Some of Silicon Valley's biggest names are wading into the battle for AI expertise
- Big Tech companies are engaged in a fierce battle for AI talent.
- CEOs and founders have taken to making personal appeals to attract and retain top talent.
The war for AI talent is causing some Big Tech execs to take drastic measures.
Investor enthusiasm and the rapid development of AI products have left the major players fighting over a small pool of advanced researchers and engineers. Candidates with the necessary expertise can net pay packages of up to $1 million, The Verge reported in January.
Even company CEOs and founders have been getting involved in the battle to acquire and retain top researchers.
Meta's Mark Zuckerberg and Google's Sergey Brin have both issued personal appeals to current and potential employees.
Zuckerberg has reportedly been cold-emailing Google's AI staff, while Brin recently called an employee who planned to defect to OpenAI.
At Microsoft, Satya Nadella has scooped up former Inflection AI CEO and DeepMind cofounder Mustafa Suleyman.
Microsoft also went on a hiring spree of Inflection's staff, something that came amid concerns from the company's board about instability at OpenAI and internal doubts about consumer-AI vision and strategy, Business Insider previously reported.
Some CEOs have been getting personally involved in AI recruitment for a while, and retaining top AI talent has proved just as difficult as recruiting new blood.
In Apple's case, Google CEO Sundar Pichai personally wooed a trio of its top researchers away in 2022, according to a report by The Information.
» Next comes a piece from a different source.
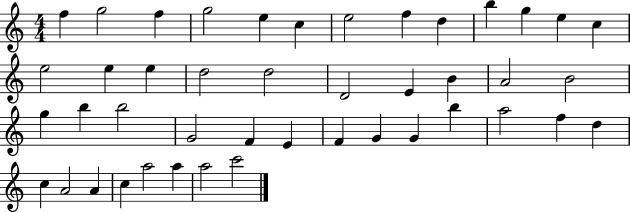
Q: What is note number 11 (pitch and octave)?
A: G5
Apple CEO Tim Cook reportedly tried unsuccessfully to persuade them to stay.
Srinivasan Venkatachary, Steven Baker, and Anand Shukla now work across Google and left Apple within a month of each other, according to their LinkedIn profiles.
Startups struggling
Apple's also been aggressively recruiting from Google's and Meta's AI ranks, The Information reported, citing an unnamed internal source. The iPhone maker has recently boosted its spending on conversational AI development.
Pressure to match the salaries and resources of Big Tech companies has left startups struggling to recruit in the increasingly competitive market.
Aravind Srinivas, the founder and CEO of Perplexity, said he recently struggled to poach a Meta employee because of a lack of GPUs. Zuckerberg has previously said Meta is sitting on a stockpile of the hot commodity.
In a later interview with The Verge, Srinivas also identified Elon Musk's AI company, xAI, as major competition in the recruiting space.
Alex Libre, cofounder of Einstellen Talent, told BI's Aaron Mok that startups are starting to be "extremely generous" with their offers to early-stage AI hires to compete with the tech giants.
Stability AI, creators of AI-image generator Stable Diffusion, has also been described by one person as "totally hollowed out" in terms of research talent, Bloomberg reported.
Stability AI CEO Emad Mostaque announced his departure last Friday to "pursue decentralized AI."